INSTRUCTIONS FOR THE TASK |
Required from the data below: the exact lines starting at the line containing "513 Park Ridge Drive Munroe Falls OH 44262" and ending at the line containing "71 Dora Lane, New", with both ends kept and all pictures dropped.
*** RECORDS FOR THE EXERCISE ***
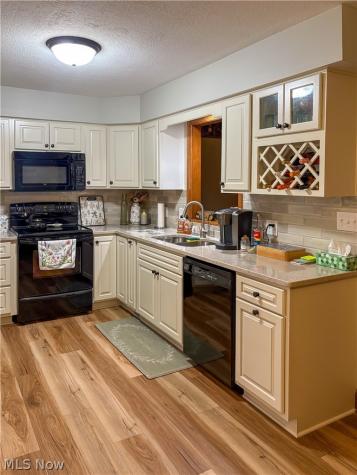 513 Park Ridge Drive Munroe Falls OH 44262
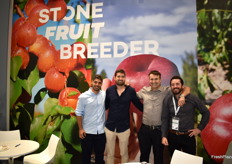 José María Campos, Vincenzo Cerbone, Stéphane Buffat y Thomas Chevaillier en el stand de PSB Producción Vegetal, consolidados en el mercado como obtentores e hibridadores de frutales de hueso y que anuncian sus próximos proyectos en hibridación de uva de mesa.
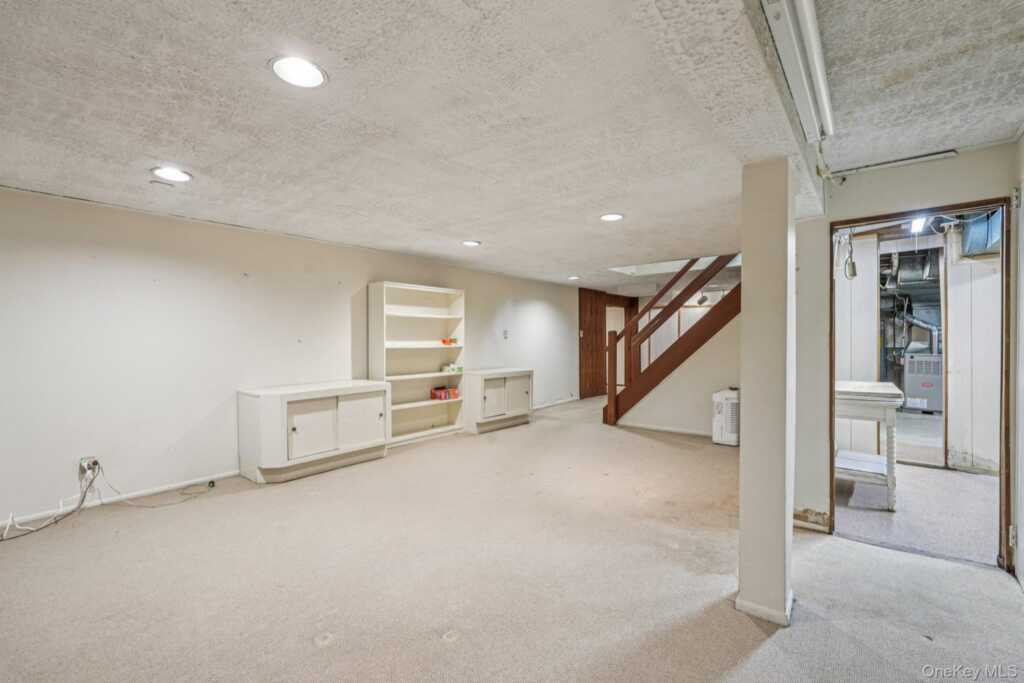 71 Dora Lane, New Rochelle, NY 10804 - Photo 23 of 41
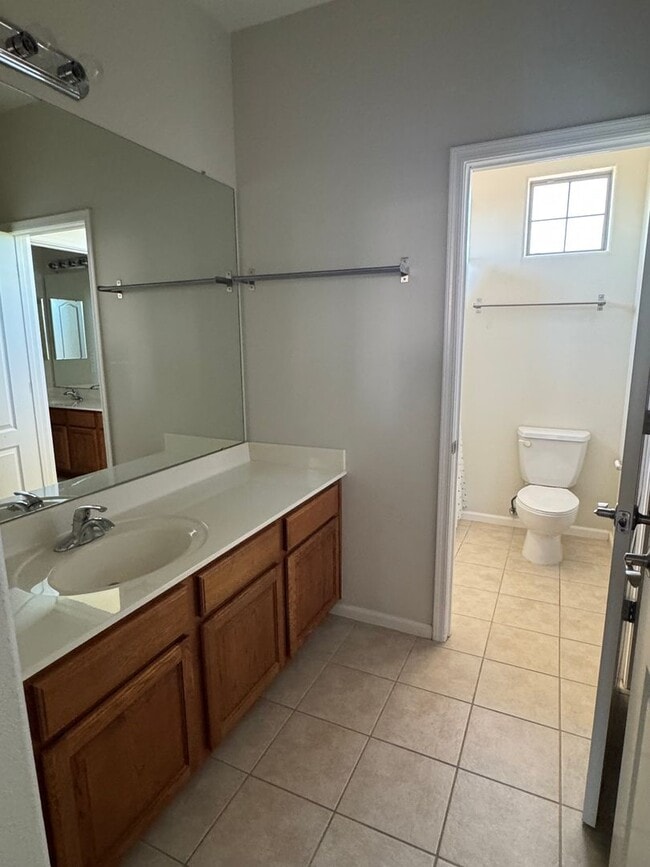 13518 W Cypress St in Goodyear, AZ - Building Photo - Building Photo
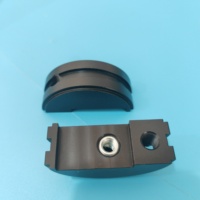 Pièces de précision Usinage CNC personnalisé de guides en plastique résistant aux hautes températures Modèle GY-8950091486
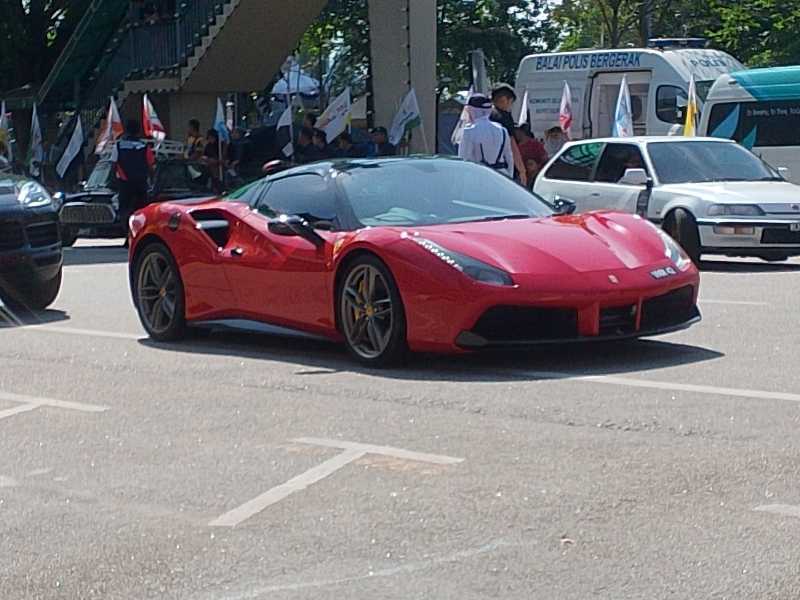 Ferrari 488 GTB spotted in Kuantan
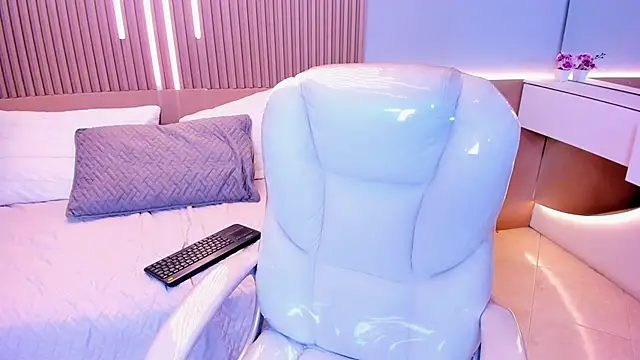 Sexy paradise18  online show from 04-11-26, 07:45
***
*** RECORDS FOR THE EXERCISE ***
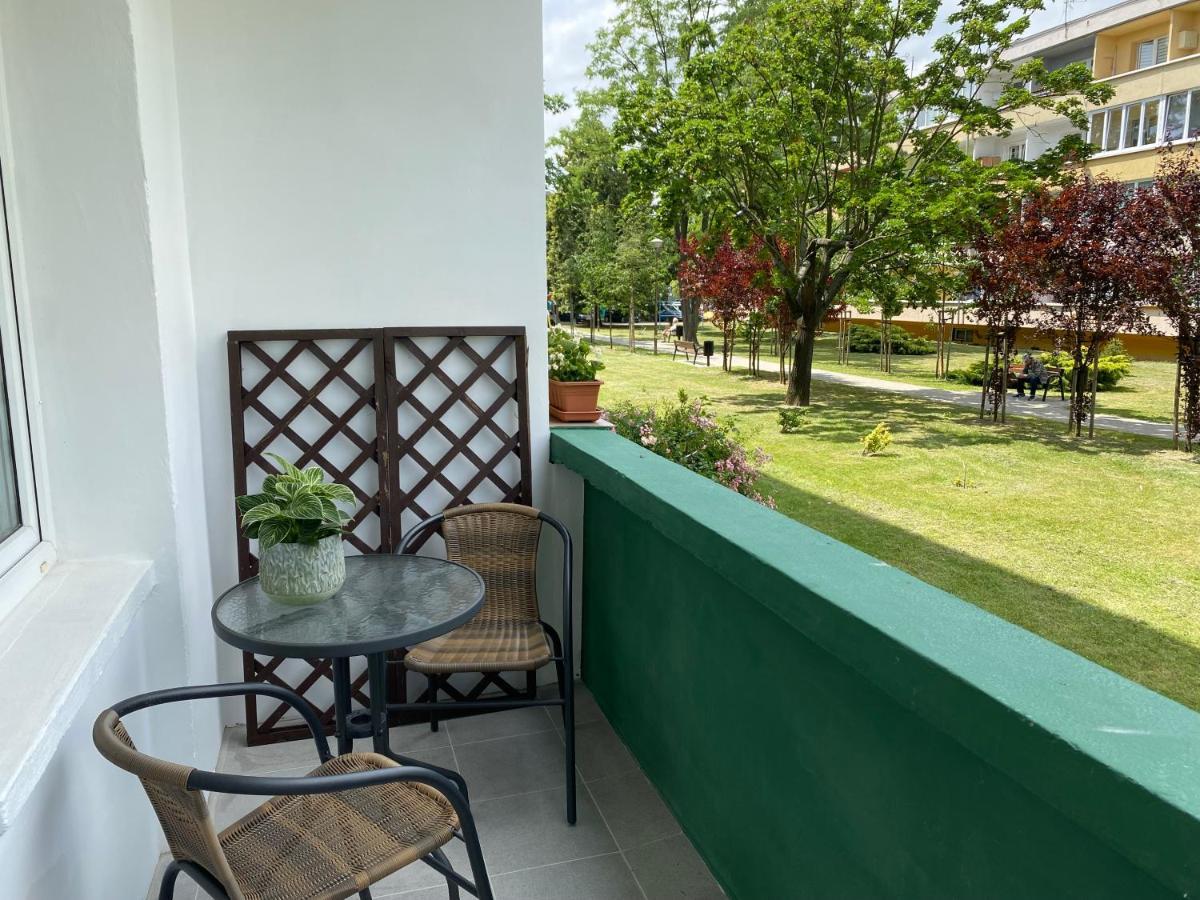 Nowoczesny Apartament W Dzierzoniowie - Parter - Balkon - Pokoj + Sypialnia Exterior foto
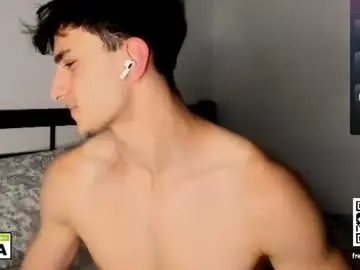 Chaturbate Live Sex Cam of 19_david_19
***
*** RECORDS FOR THE EXERCISE ***
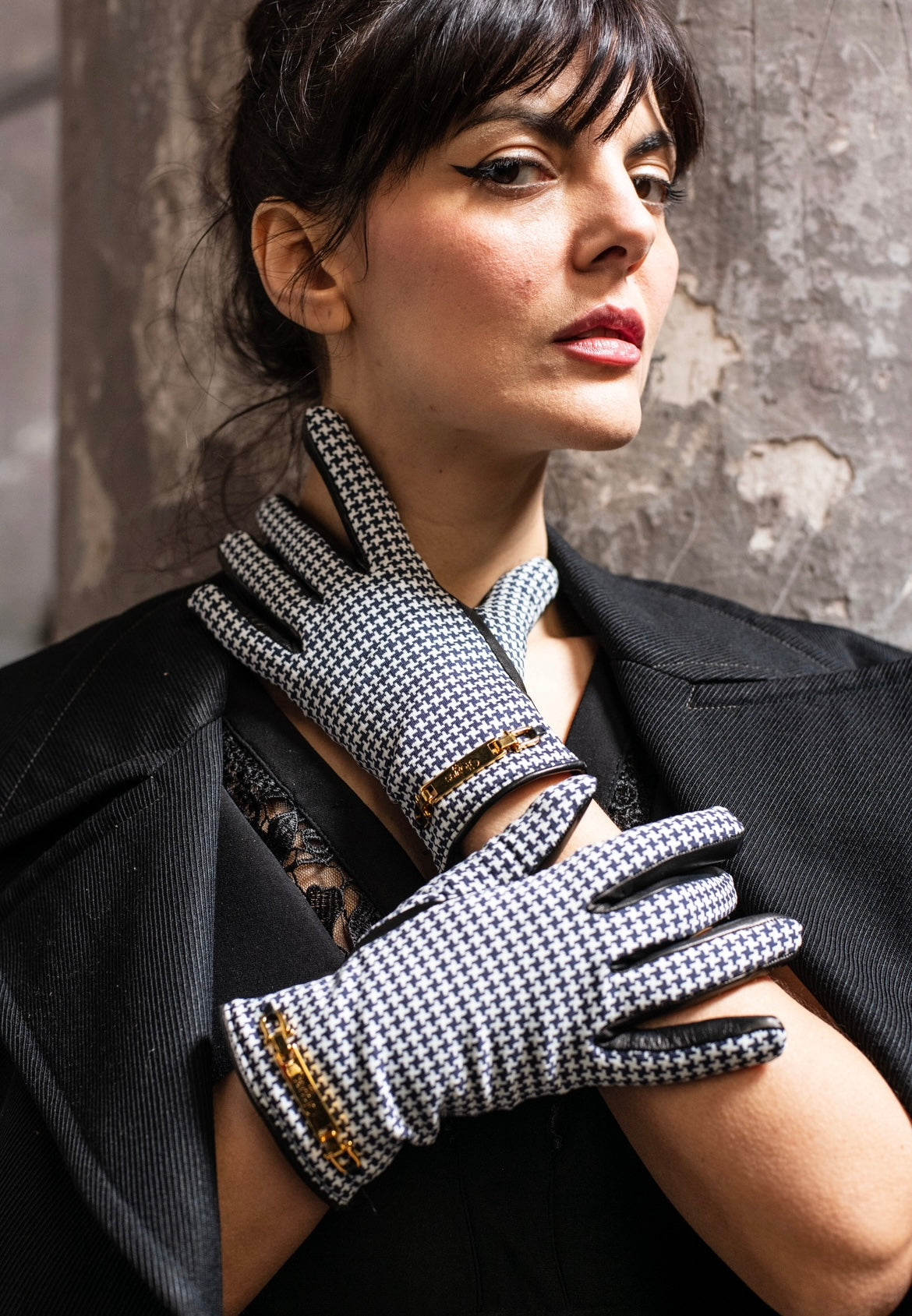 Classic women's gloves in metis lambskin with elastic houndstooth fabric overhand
***
ANSWER BOX |
 513 Park Ridge Drive Munroe Falls OH 44262
 José María Campos, Vincenzo Cerbone, Stéphane Buffat y Thomas Chevaillier en el stand de PSB Producción Vegetal, consolidados en el mercado como obtentores e hibridadores de frutales de hueso y que anuncian sus próximos proyectos en hibridación de uva de mesa.
 71 Dora Lane, New Rochelle, NY 10804 - Photo 23 of 41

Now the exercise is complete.